“Directions: Leonardo Drew”
At the Hirshhorn Museum and Sculpture Garden to June 20
Leonardo drew. Leonardo Drew drew—painted, too. But now he collects trash. He does it so artfully, however, that his parents’ namesaking can’t be faulted. Of course, he does more than collect it. He sorts it, groups and regroups it, carefully distresses some of it, and arranges it into wall-hung sculptures of formidable depth and scope. The Hirshhorn is now showing three new untitled Drew pieces whose giant grids teem with thousands of bits of urban debris.
Drew is ungrudging—and unspecific—in acknowledging precedent, but there are obvious links to be made: the smashed plates of Julian Schnabel’s crockery paintings and the carefully laid-out plastic housewares and trinkets of Tony Cragg’s floor and wall sculptures; the dark monochromaticity of Louise Nevelson and the compartmentalization of Eva Hesse. There are also suggestions of the printed circuit boards that have been welcomed into the Museum of Modern Art’s design collection. The allover composition of large sections of the works nods to abstract expressionism, and the panoramic scale of the biggest piece, which covers nearly all of the gallery’s largest wall, calls to mind the 19th-century taste for epic landscape.
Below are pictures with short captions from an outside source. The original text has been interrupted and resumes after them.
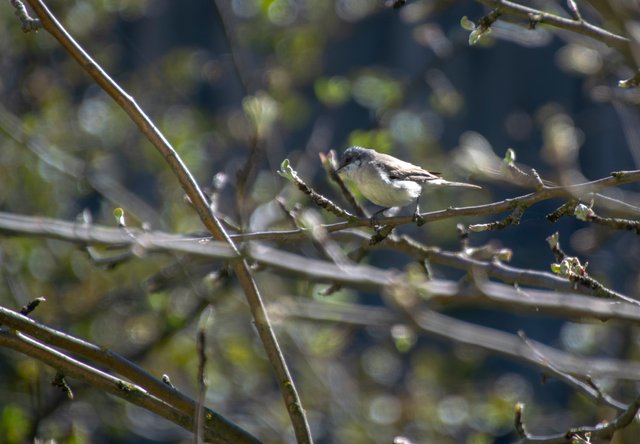 bird 20240528.jpg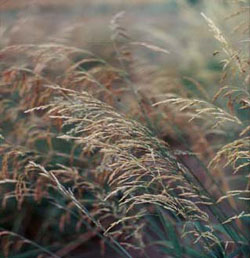 ‘Kenai’ polargrass (also Arctagrostis latifolia)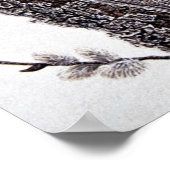 ベルテッドキングフィッシャー(女性) ポスター (角)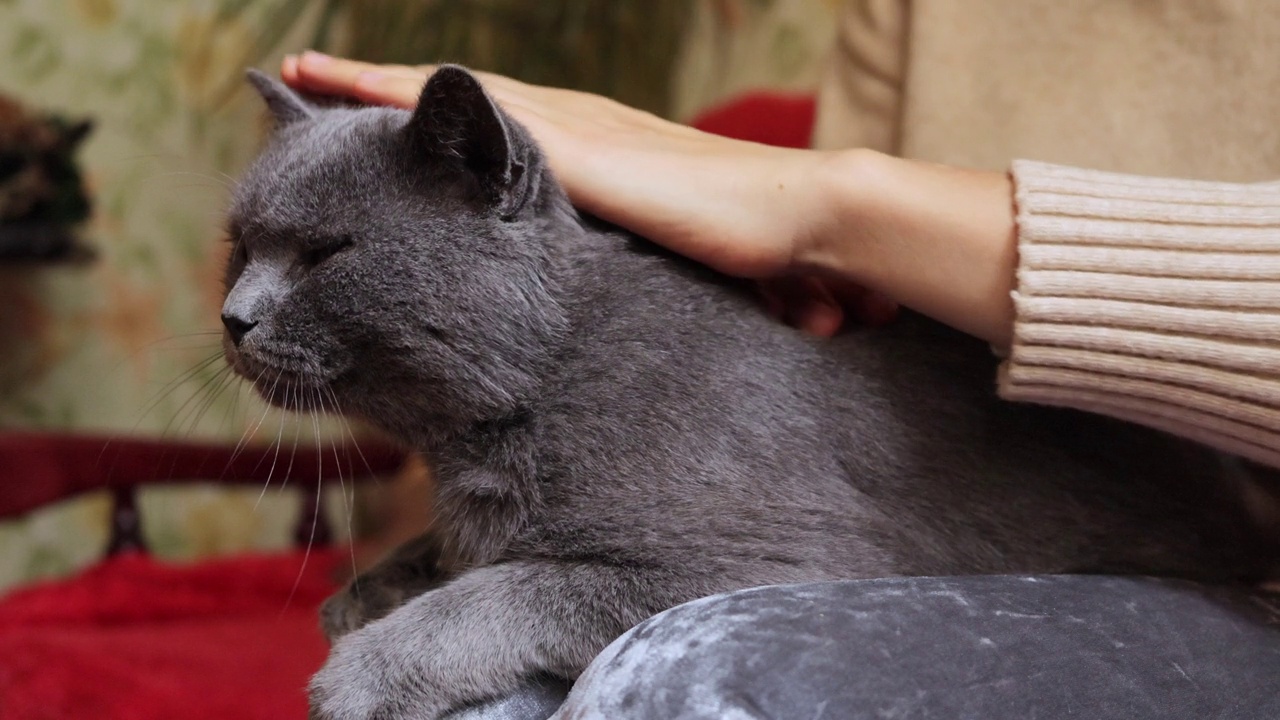 动物和生活方式。一位不知名的女士和宠物一起躺在家里的沙发上，抚摸着她的灰色英国猫。视频下载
That said, in his present incarnation, Drew is also a crowd-pleaser. I don’t think I’d ever seen a Directions show better attended in the middle of a weekday. Adults charged with looking after small children—who, like Around Town commentators, got understandably fidgety in the difficult David, er, Robert Gober show on the second floor—were more comfortably shouldering their custodial burdens upstairs. The intricacy of Drew’s work elicits extended study, and the familiarity of his materials urges interpretation. I accepted the invitation to eavesdrop.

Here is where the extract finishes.